What we really want is some way to be able to check the fingerprints to make sure that the cert that's being used is the expected one. This unfortunately doesn't seem possible without some out-of-band communications system.
Here in Thailand the junta promises to MITM all TLS traffic. I doubt it can be stopped, but it would be good to at least be able to see when they do it. I don't see sites publish their certificate fingerprints anywhere which would at least allow some form of manual check.
It might be enough to be able to get the browser to tell us when a certificate changes -- this would need to be opt in of course.
> I don't see sites publish their certificate fingerprints anywhere which would at least allow some form of manual check.
That's exactly what Google and the likes are building in Certificate Transparency (http://www.certificate-transparency.org/).
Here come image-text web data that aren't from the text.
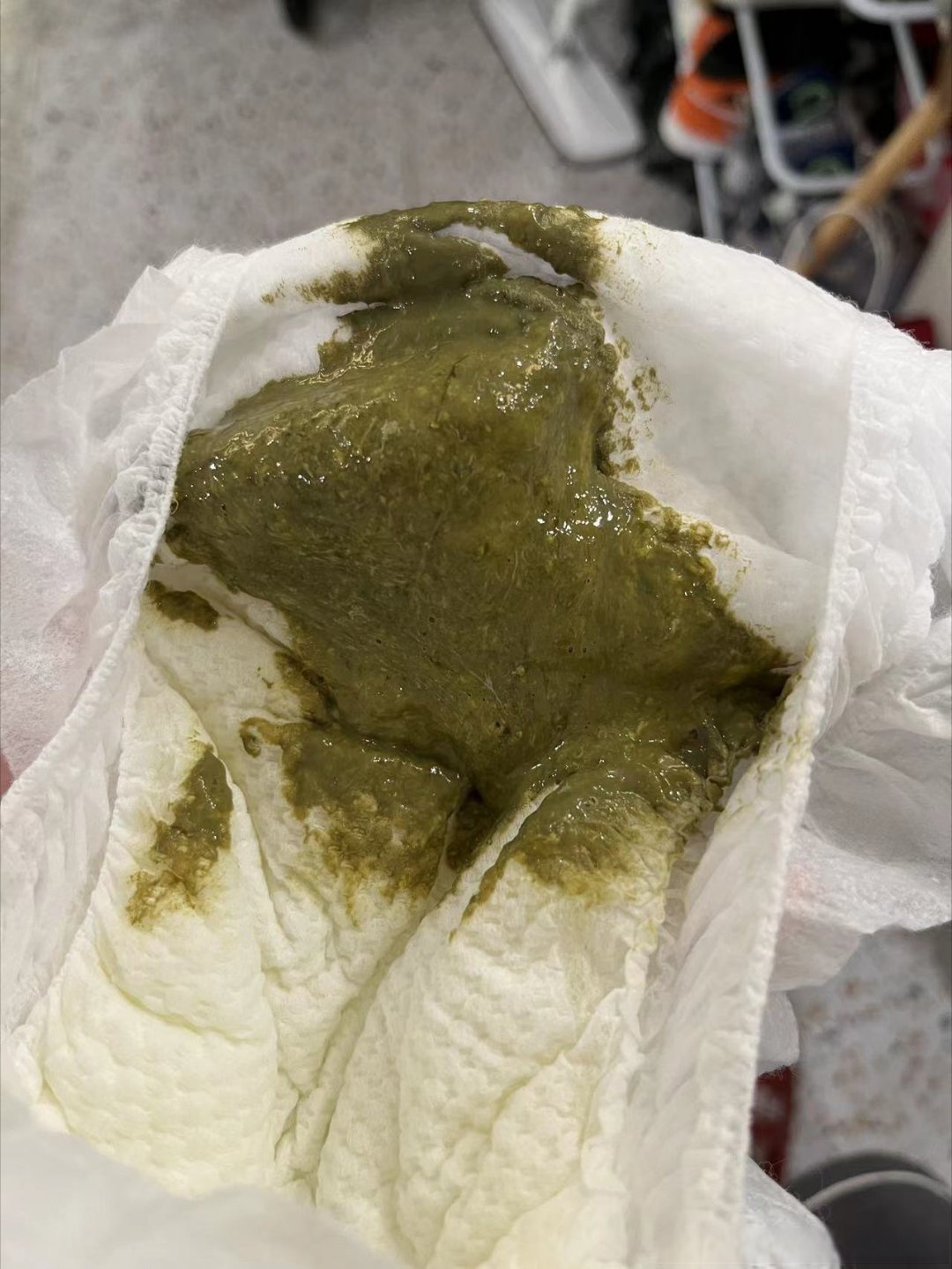 是儿科分享的一个经典便样  墨绿色的便便是新生儿的胎便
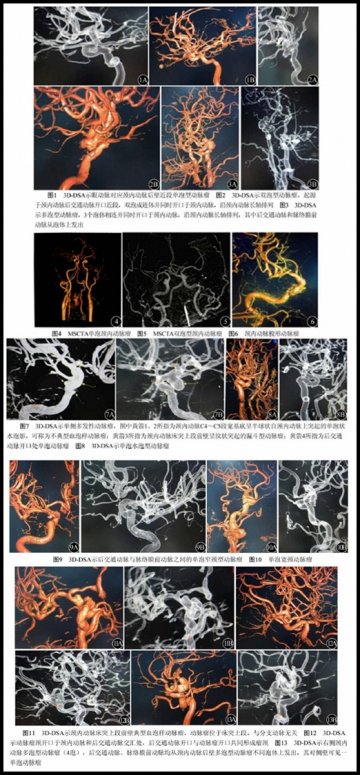 顾建文：颈内动脉瘤构型的CT与三维DSA重建成像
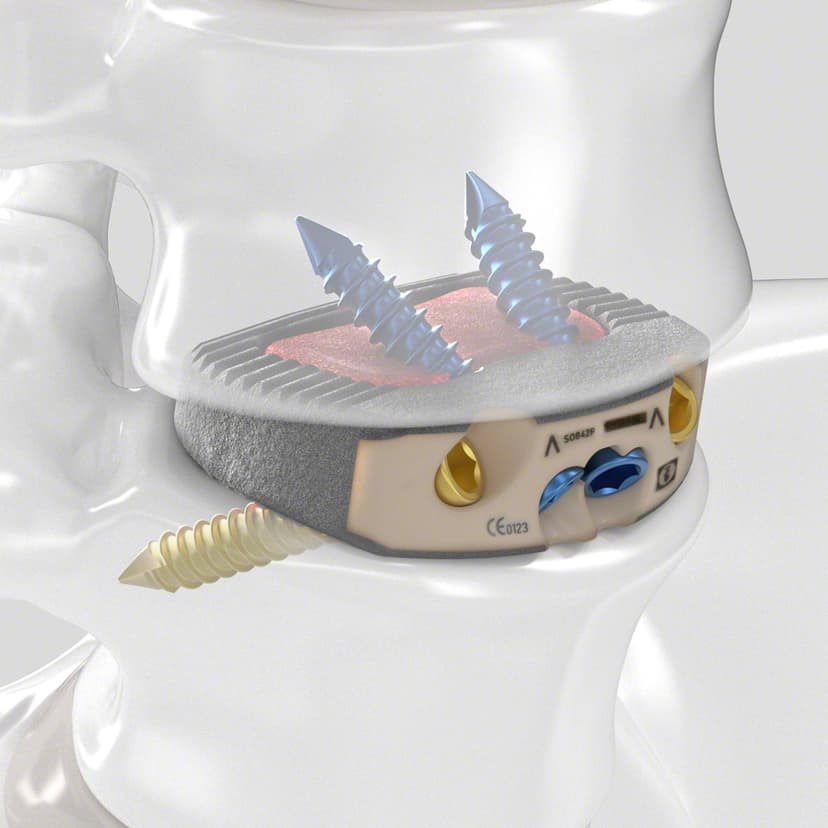 Arcadius XP L®-Produktbild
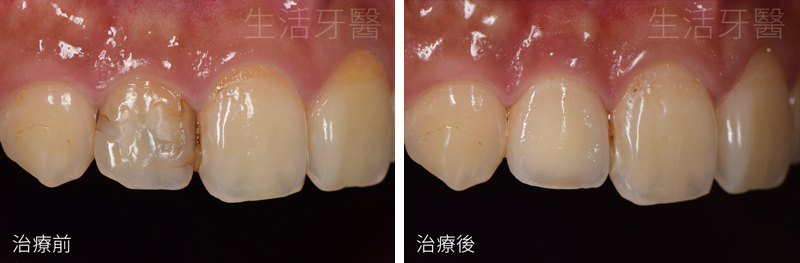 台中假牙價格+台中假牙費用價錢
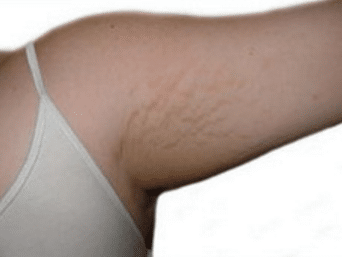 stretch marks on arms for no reason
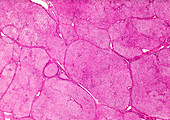 Human liver cell hydropic degeneration, light micrograph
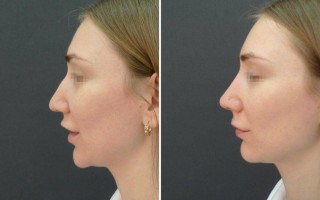 Причины появления горбинки на носу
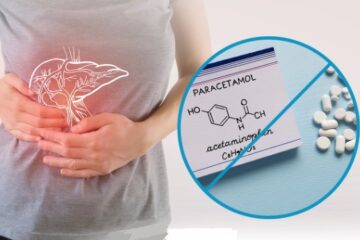 Phác đồ điều trị ngộ độc Paracetamol ở trẻ em – BV Nhi đồng 1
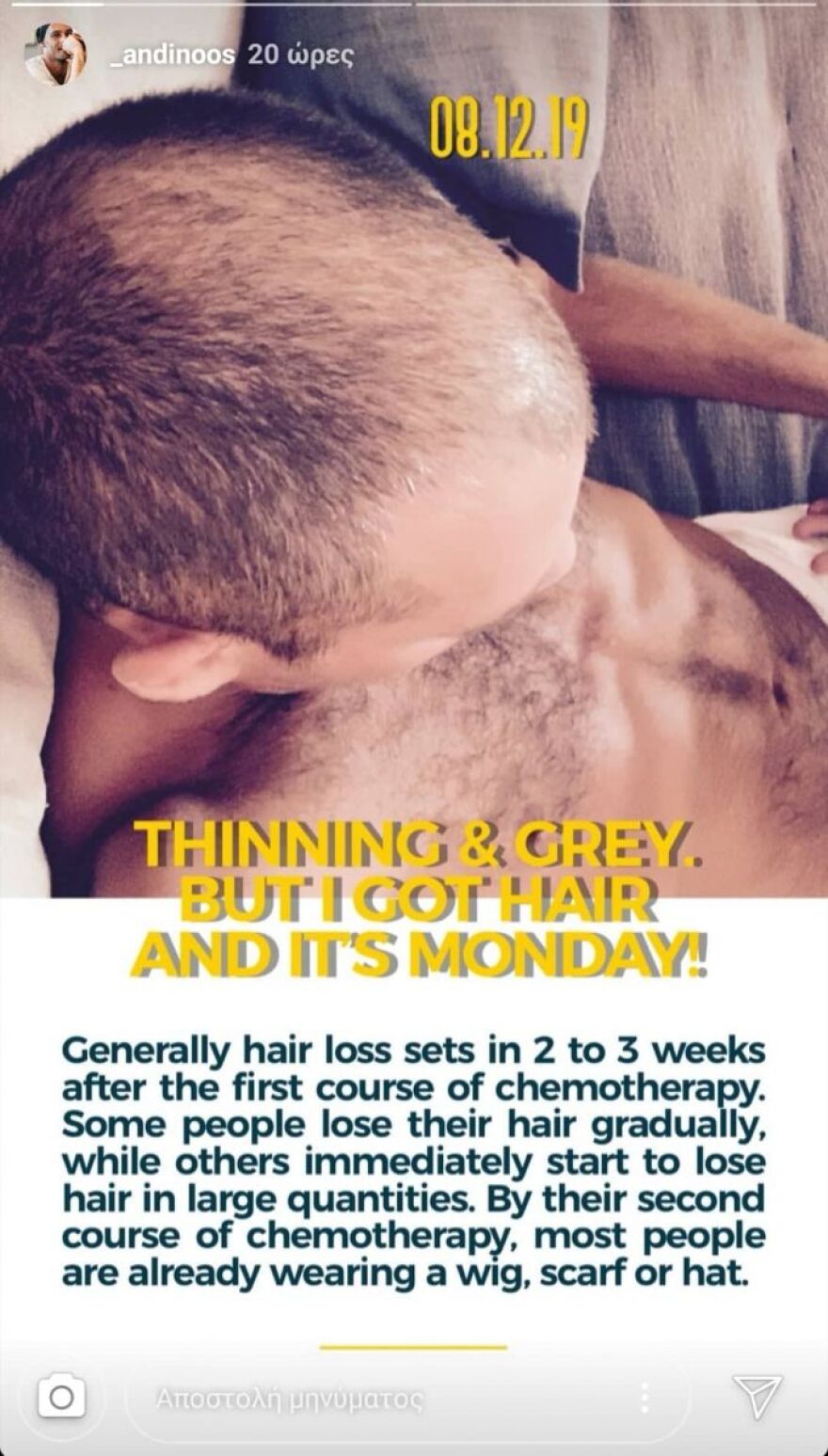 Το μήνυμα του Αντίνοου Αλμπάνη για την υγεία του: «Από τη 2η χημειοθεραπεία οι περισσότεροι φορούν περούκα»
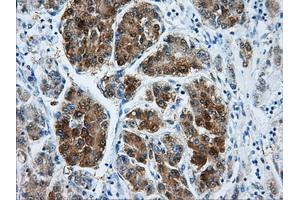 Immunohistochemical staining of paraffin-embedded Carcinoma of liver tissue using anti-DCXRmouse monoclonal antibody. (DCXR anticorps)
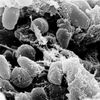 Mor, morová bakterie, Yersinia pestis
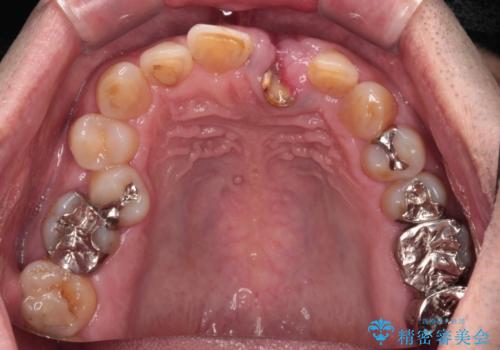 歯茎に溝が 大きく欠損した前歯のインプラント補綴治療の治療前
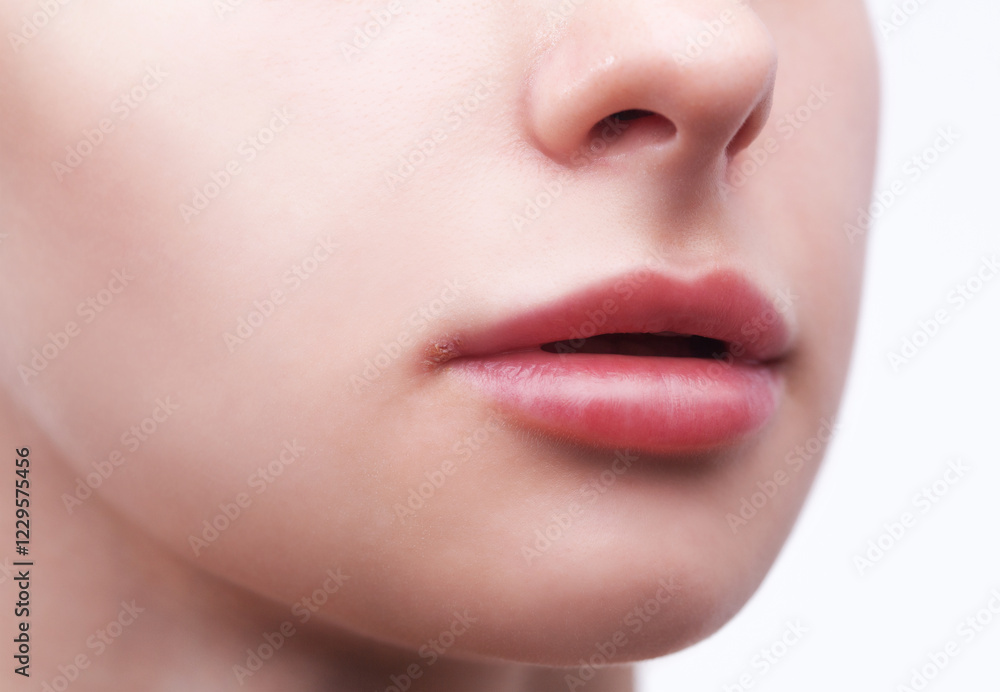 Obraz premium Woman showing herpes disease on her lips. Treatment of viral infections.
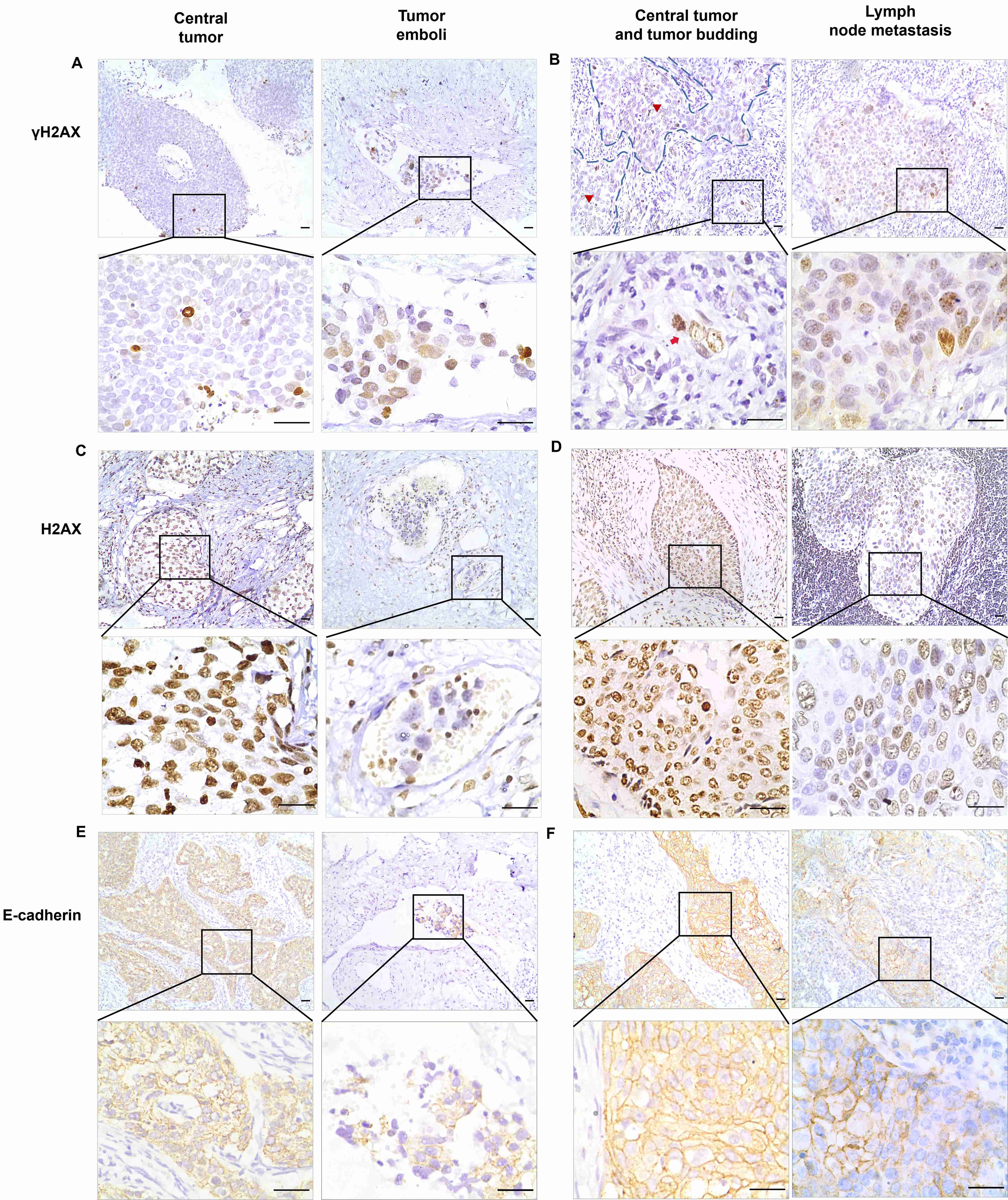 Immunohistochemical staining of γH2AX, H2AX and
E-cadherin in central tumors, tumor budding, tumor emboli and metastatic lymph
nodes. Representative stained images of γH2AX (A), H2AX (C) and
E-cadherin (E) in central tumors and tumor emboli in the same patient.
Representative stained images of γH2AX in central tumors (the area
indicated by the red triangle inside the region enclosed by the
blue-dotted-line), tumor budding (the cells indicated by red arrows), and
metastatic lymph nodes in the same patient (B). Representative stained images of
H2AX (D) and E-cadherin (F) in central tumors and metastatic lymph nodes in the
same patient. Scale bar = 300 μm.
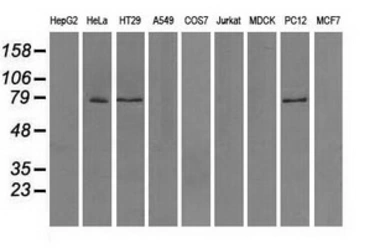 Anti-TTLL12 antibody [4B2] used in Western Blot (WB). GTX83473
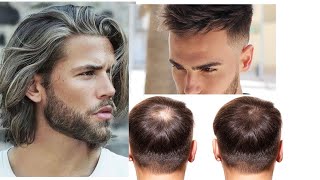 How to Master Mens Hair Care Defeating Hair Loss and Dandruff [upl. by Asoral]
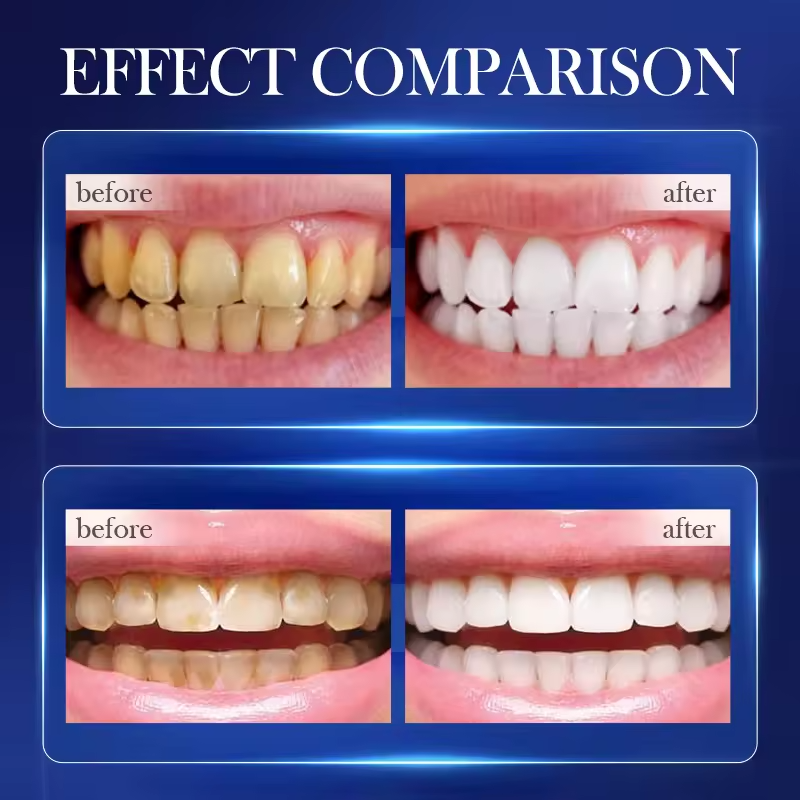 Private Label SADOER Baking Soda Toothpaste Cleaning Teeth Whitening Probiotics Mint Toothpaste Whiten Teeth Oral Care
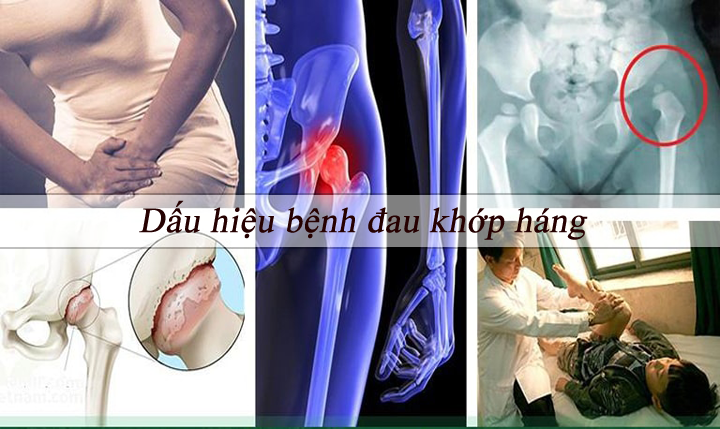 Dấu hiệu bệnh đau khớp háng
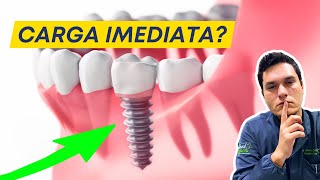 IMPLANTE DENTÁRIO DE CARGA IMEDIATA FUNCIONA MESMO A VERDADE [upl. by Cleland]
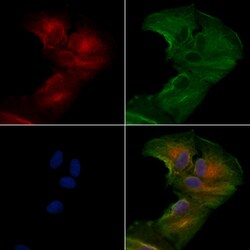 SCN11A Polyclonal Antibody:Antibodies, Polyclonal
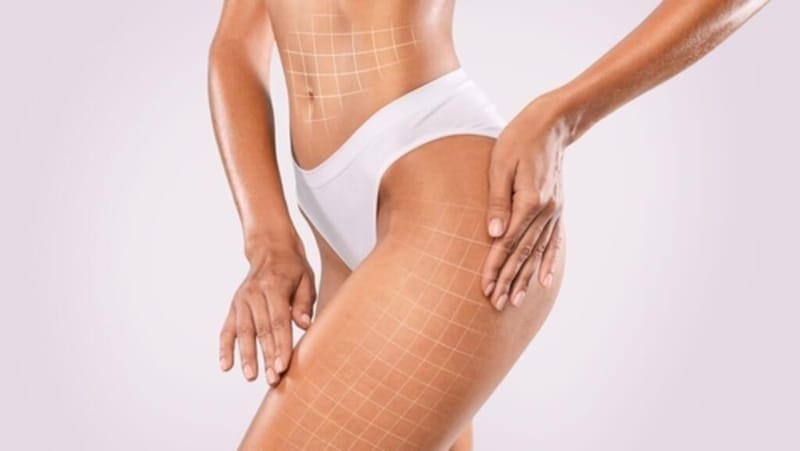 Lipo nas Coxas: como funciona e como é o pós-operatório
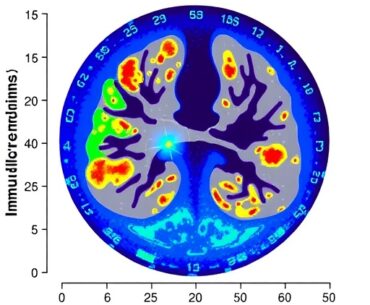 Immune Microenvironment Score Predicts NSCLC Treatment Success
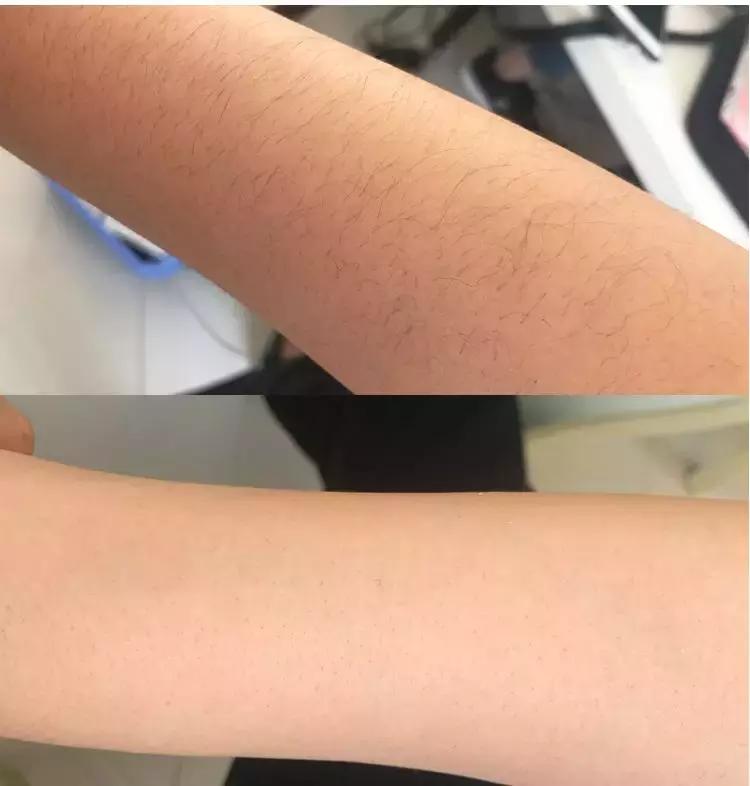 30块钱让你白到透明！不好用我撞豆腐！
It's basically a log of all modifications on any certificate chain that can be monitored by anyone who is interested so that misissuance can be detected.
There's also the old Perspectives project which idea was forked into Convergence (https://en.wikipedia.org/wiki/Convergence_%28SSL%29) by good ol' moxie. The idea: any number of independent entities run notary servers, and when you get the certificate for a domain you also ask the certificate for the same domain to those notaries; if they have the same certificate, it means you all have the same "view" of the domain, so everything is probably ok. If they differ, maybe you (or they) were MiTM'ed.
Oh, and of course "publishing certificate fingerprints [somewhere]" is basically the idea behind DANE. So the idea is hardly, new. The implementation, now ...
The answer is certificate pinning. For example, it is impossible to MITM google services if you are using Chrome because the correct public keys are hardcoded in the browser itself.
If the site certificate is not pinned, you can use a 3rd party service hosted outside the MITM proxy to compare certificate fingerprints (such as https://www.grc.com/fingerprints.htm)
Here in Thailand the junta promises to MITM all TLS traffic. I doubt it can be stopped, but it would be good to at least be able to see when they do it. I don't see sites publish their certificate fingerprints anywhere which would at least allow some form of manual check.
It might be enough to be able to get the browser to tell us when a certificate changes -- this would need to be opt in of course.